Richelieu, essentiellement homme de lettres, aimait, nourrissait ses confrères, qui alors ne pouvaient vivre de leur plume. Malgré la détresse publique, il soutenait les bons écrivains du temps, la Mothe le Vayer, Rotrou, Corneille, Benserade, Renaudot, l'historien Mézeray, l'amusant Boisrobert, l'honnête et savant Chapelain. Il faisait plus que de les payer, il les honorait. Par exemple, il ne souffrait pas que Desmarets lui parlât découvert; il le faisait couvrir, asseoir. Néanmoins sa nature violente et la violence de son gouvernement, qu'il le voulût ou non, étouffait la littérature. Sa manie de faire faire des pièces, dont il faisait le plan et rimait quelques scènes, était despotique, irritante; ces pauvres rimeurs à grand'peine tiraient la charrue sous l'aiguillon de ce terrible camarade.
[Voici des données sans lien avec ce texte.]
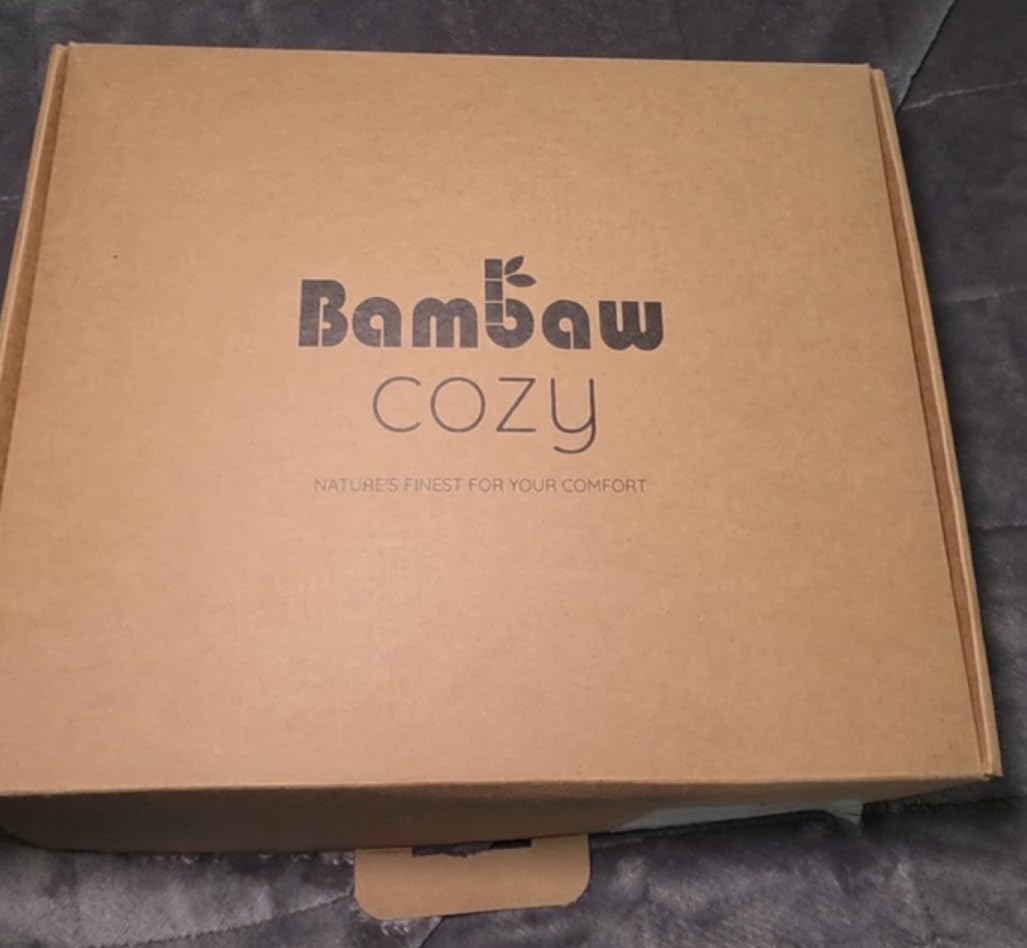 Bambaw Queen Sheet Set – 4pcs 100% Viscose Derived from Bamboo Cooling Sheets Set Queen Size, Cooling Sheet for Night Sweats, Ultra Soft & Breathable, 16'' Deep Pockets (Moonlight Gray) customer photo 2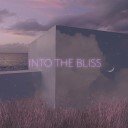 Into the Bliss - Soft Waterfall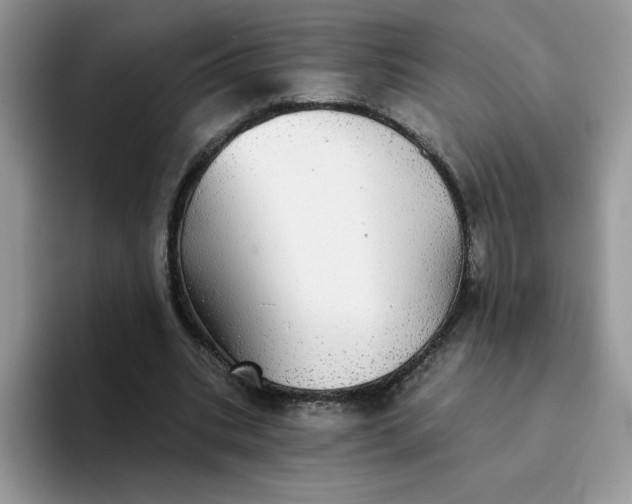 X0000094210535200711091239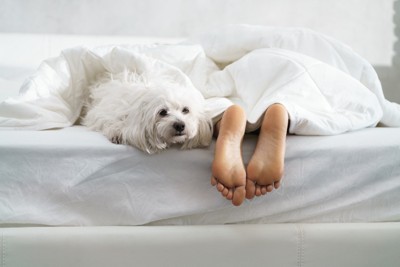 寝ている飼い主の足元にいる白い犬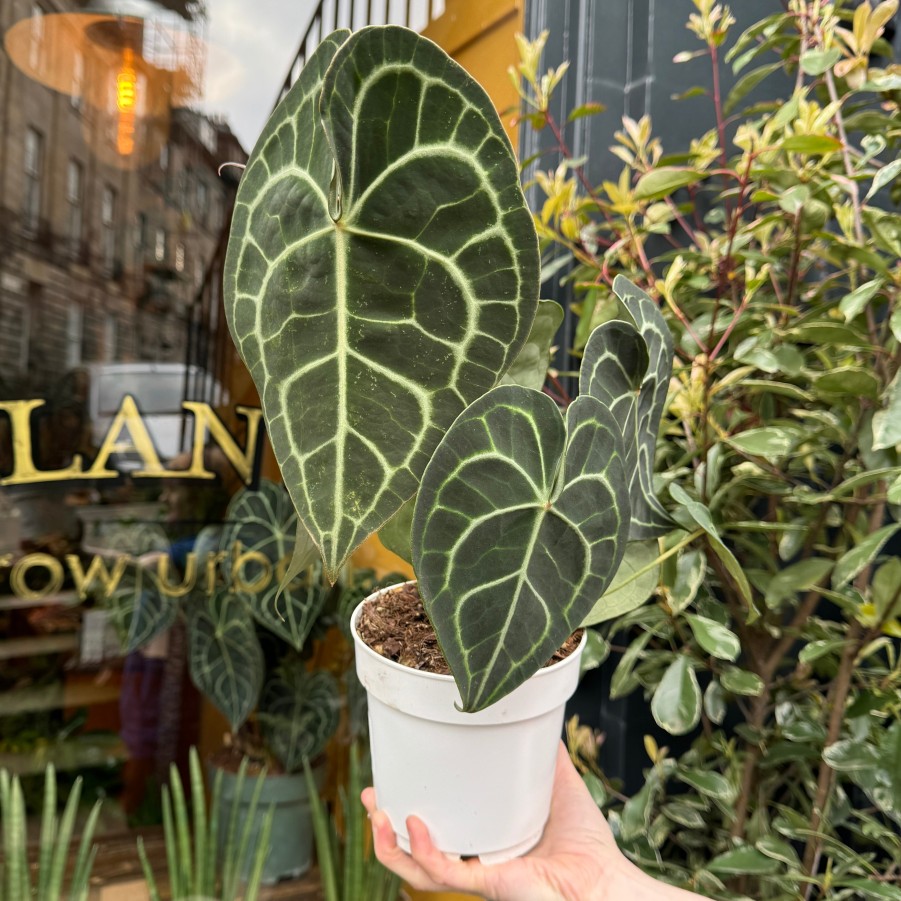 Growurban Anthurium Clarinervium (14Cm Pot) | Foliage Plants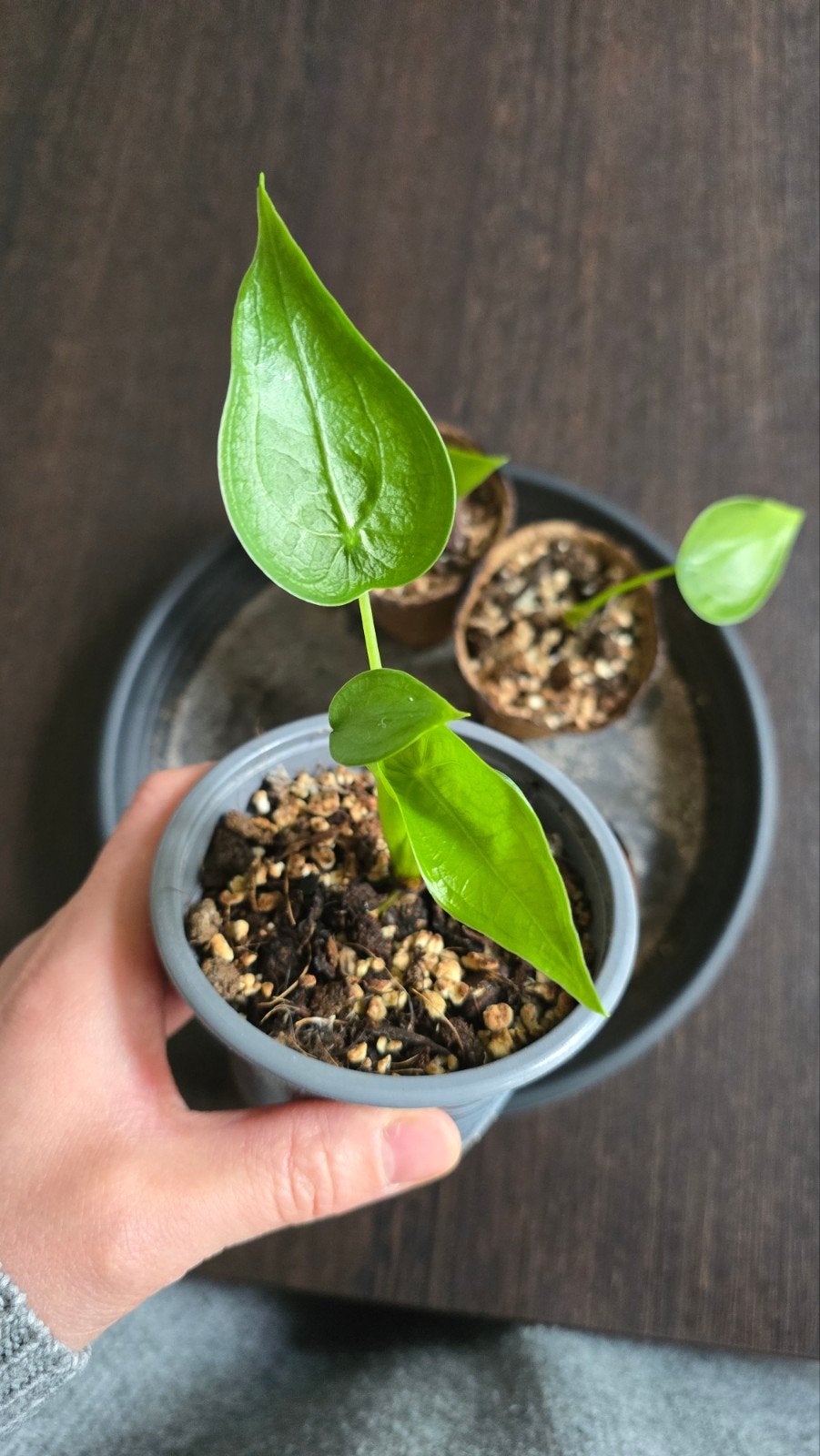 Plantes, Enlèvement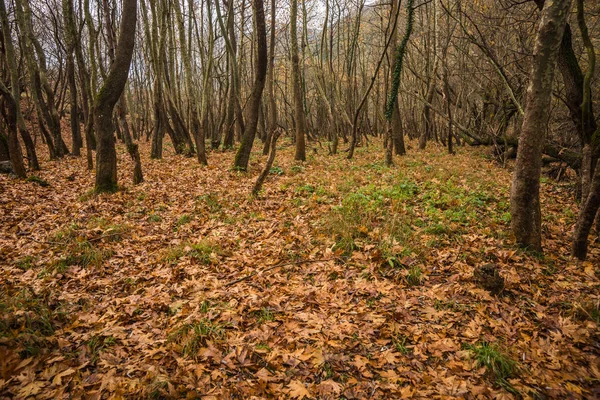 Paisagem de outono com tapete de folhas amarelas entre as árvores — Fotografia de Stock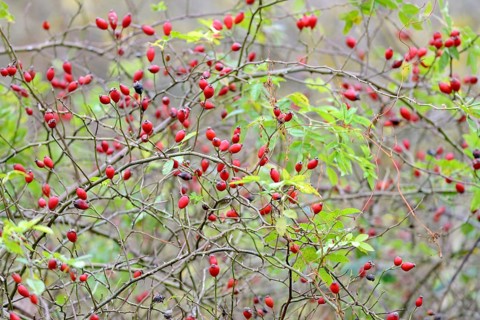Branches with red rose hips, fruit stands, Moselle, Rhineland-Palatinate, Germany, Europe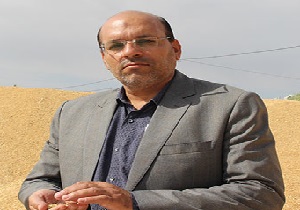 کاهش ۱۰ درصدی کشت محصول زراعی در ابرکوه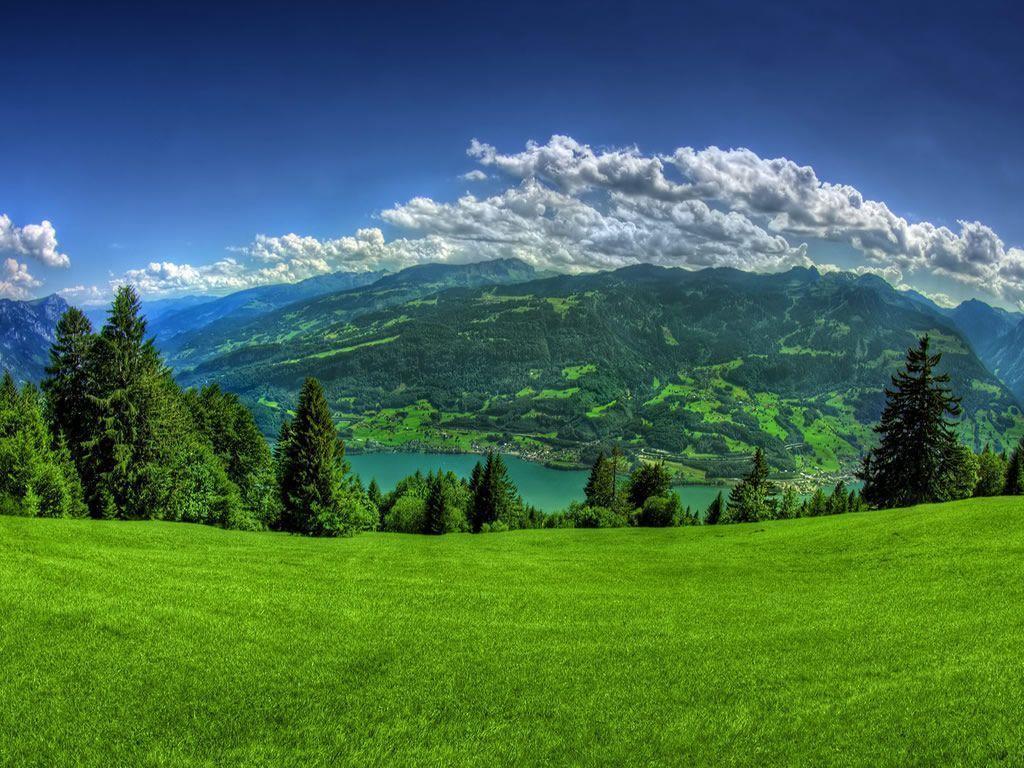 green mountain.jpg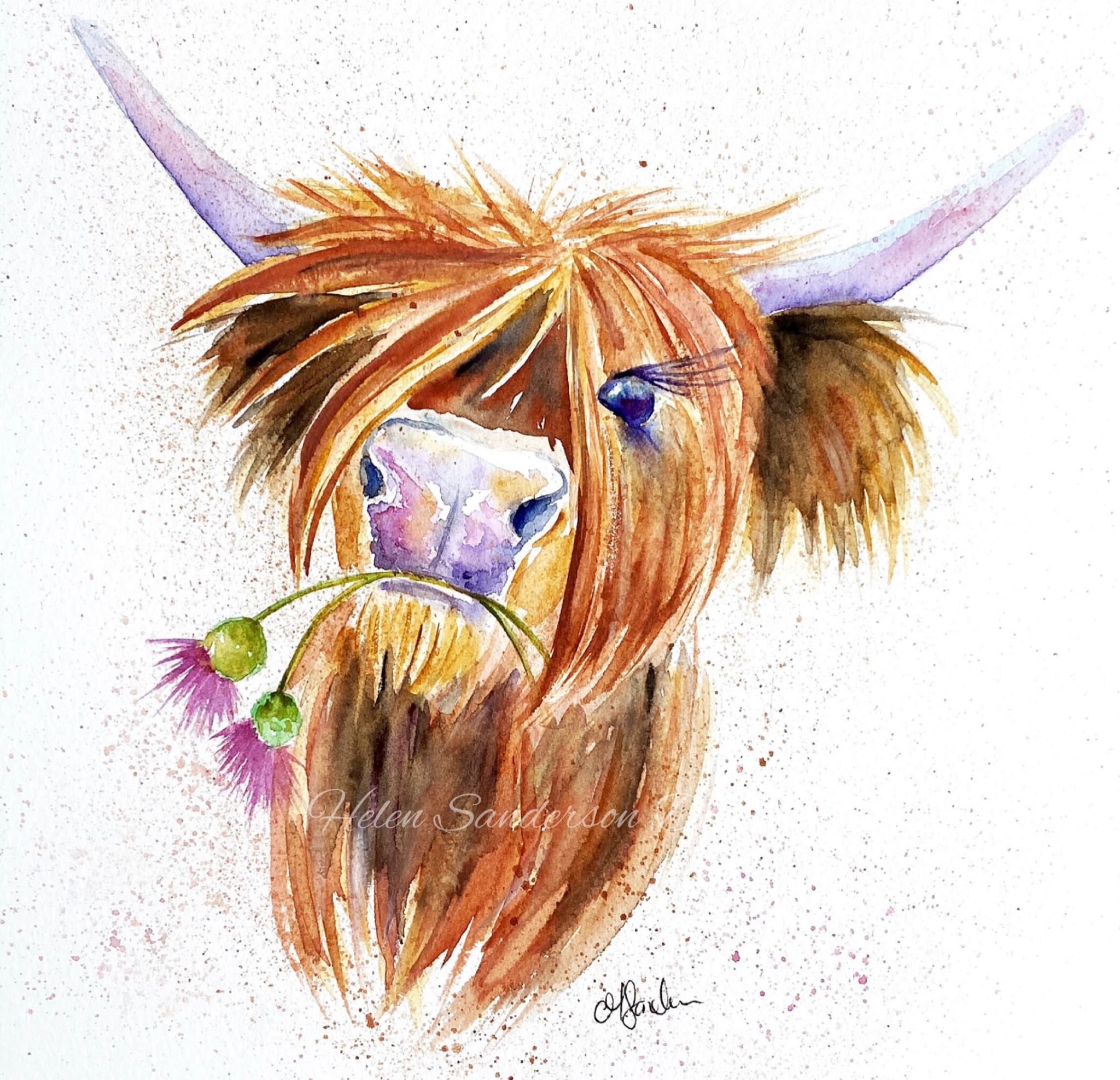 a highland cow painted in water colour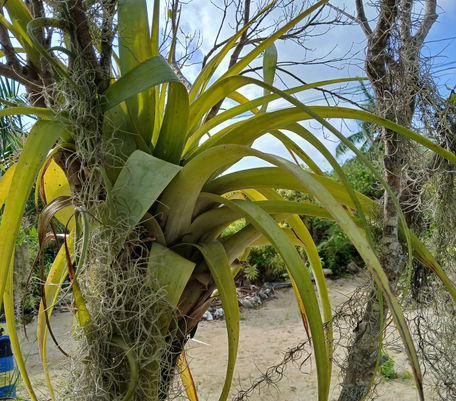 Wild Pineapple 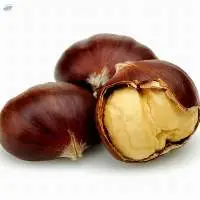 Wholesale Price Raw Chestnut
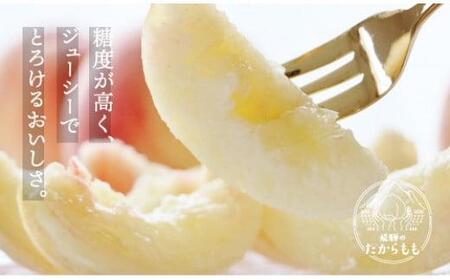 【2026年発送・先行受付】飛騨のたからもも 特選 糖度13度以上（4-8玉）※7月中旬～順次お届け | 桃 朝採れ 白桃 もも フルーツ ギフト 果物 人気 おまかせ 飛騨桃  産地直送 お取り寄せ 贈り物 ギフト おすすめ 飛騨高山 つむぎ果樹園 GH003〈桃 もも 先行予約 桃 先行予約 桃 先行予約 桃 もも〉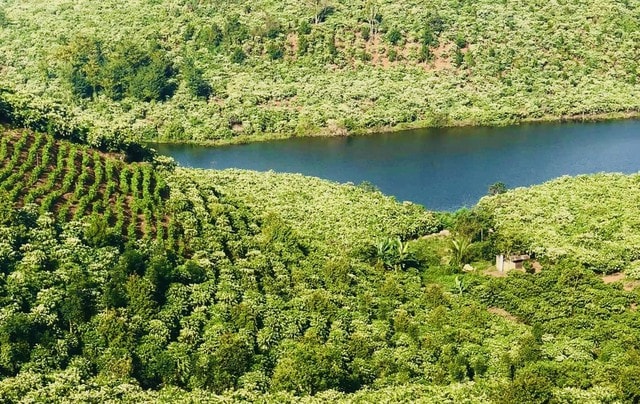 Mê mẩn mùa hoa cà phê ở Tây Nguyên- Ảnh 5.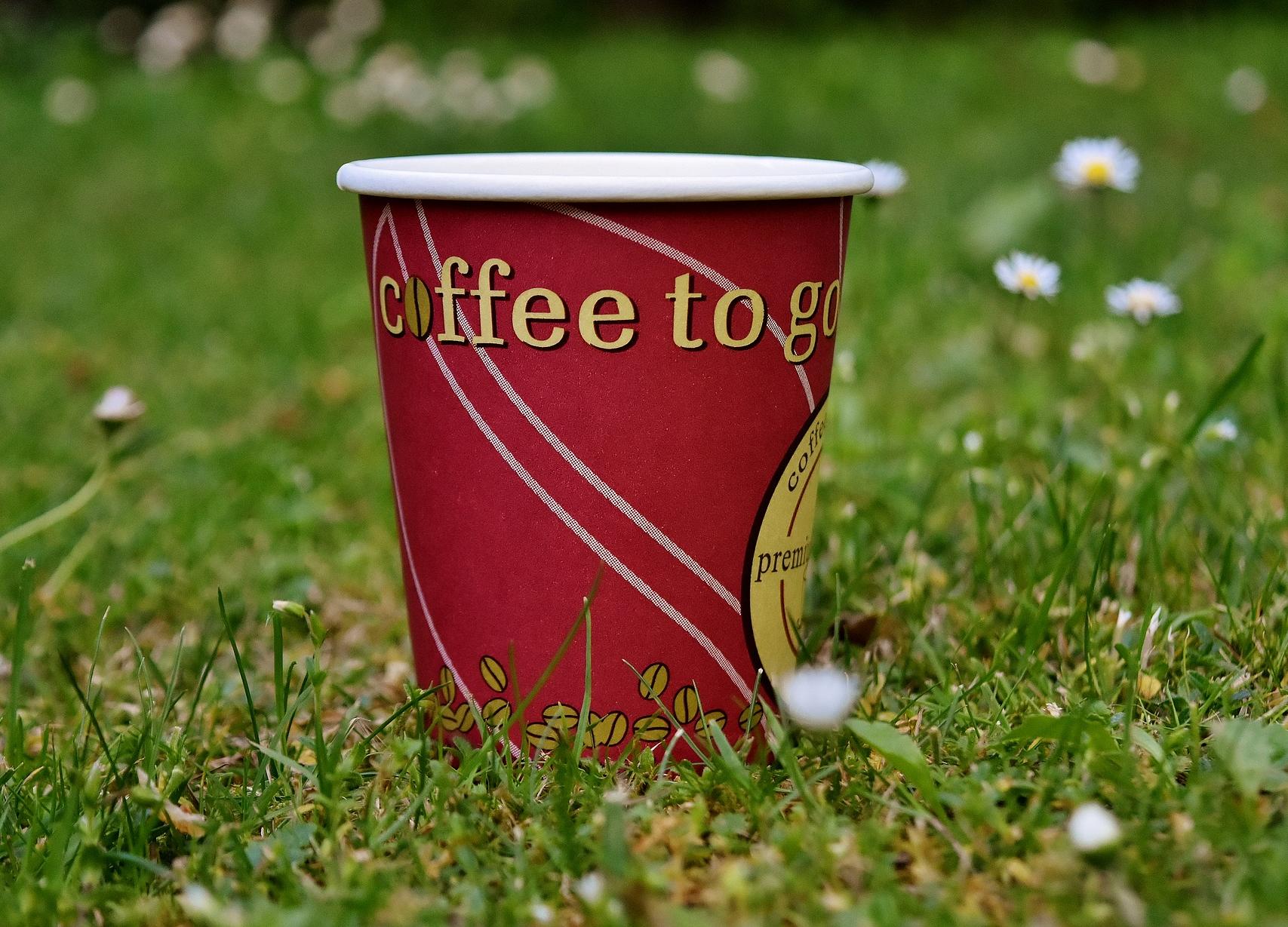 ЭкоLife: Почему кофейные стаканчики вредят окружающей среде и какие есть экологичные альтернативы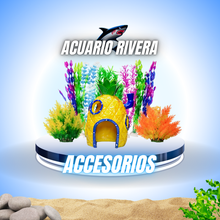 Accesorios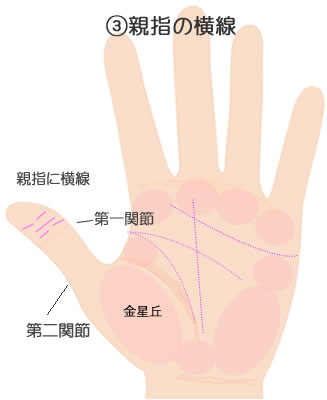 親指にあらわれる横線の意味です。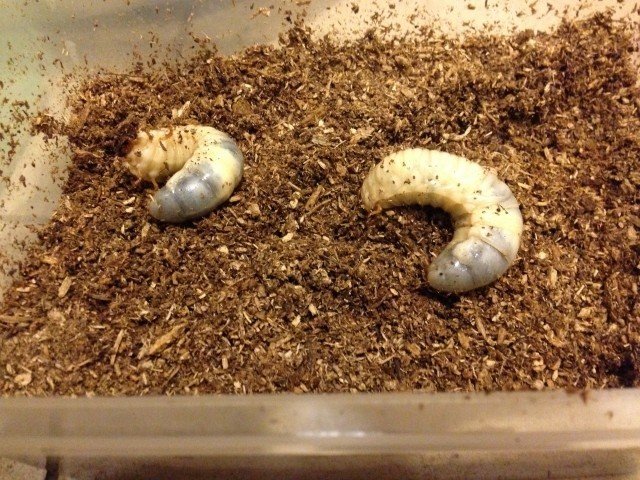 子供とカブトムシを育ててみたら驚愕の結末だった マツウラケイスケ Note 子供とカブトムシを育ててみたら驚愕の結末だった マツウラケイスケ Note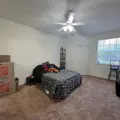 2 bedrooms apartment for rent in University - North Tampa, Tampa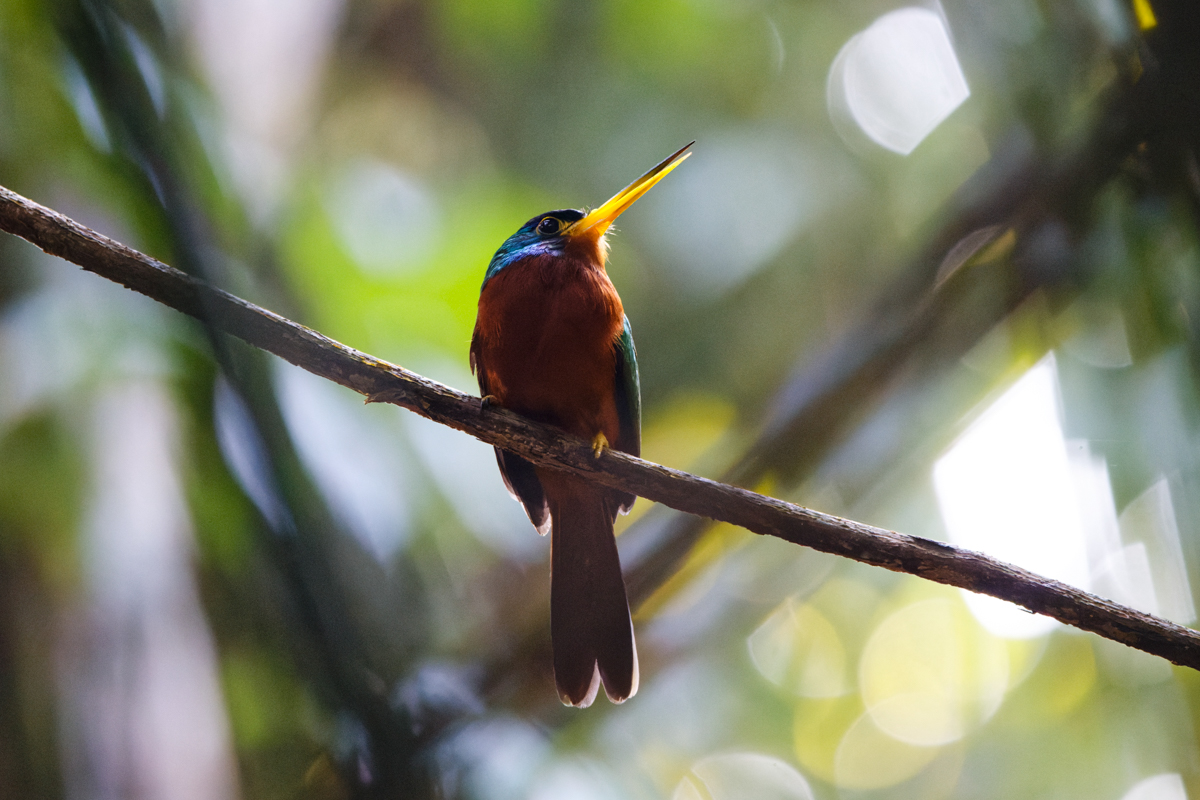 Blue-necked Jacamar (image by Leo Garrigues)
Un petit juge de Rouen, Pierre Corneille, avait, dès 1629, relevé, ou plutôt créé le théâtre, par une mauvaise pièce, Mélite , qui eut un succès immense. La liberté d'esprit, chassée du monde réel, sembla vouloir se réfugier dans celui des fictions, dans le drame d'intrigue. Trois théâtres surgirent. Richelieu eut l'ambition de conquérir encore cet asile de la fantaisie et de la libre opinion. À son confident Boisrobert il attela quatre hommes, Corneille, Rotrou, l'Étoile et Colletet, et les regarda travailler. Le plus indépendant fut Colletet (de pauvreté proverbiale); il repoussa le plan du tout-puissant ministre. Corneille essaya de résister, puis obéit et fit ce qu'il voulut, mais se retira à Rouen (1635).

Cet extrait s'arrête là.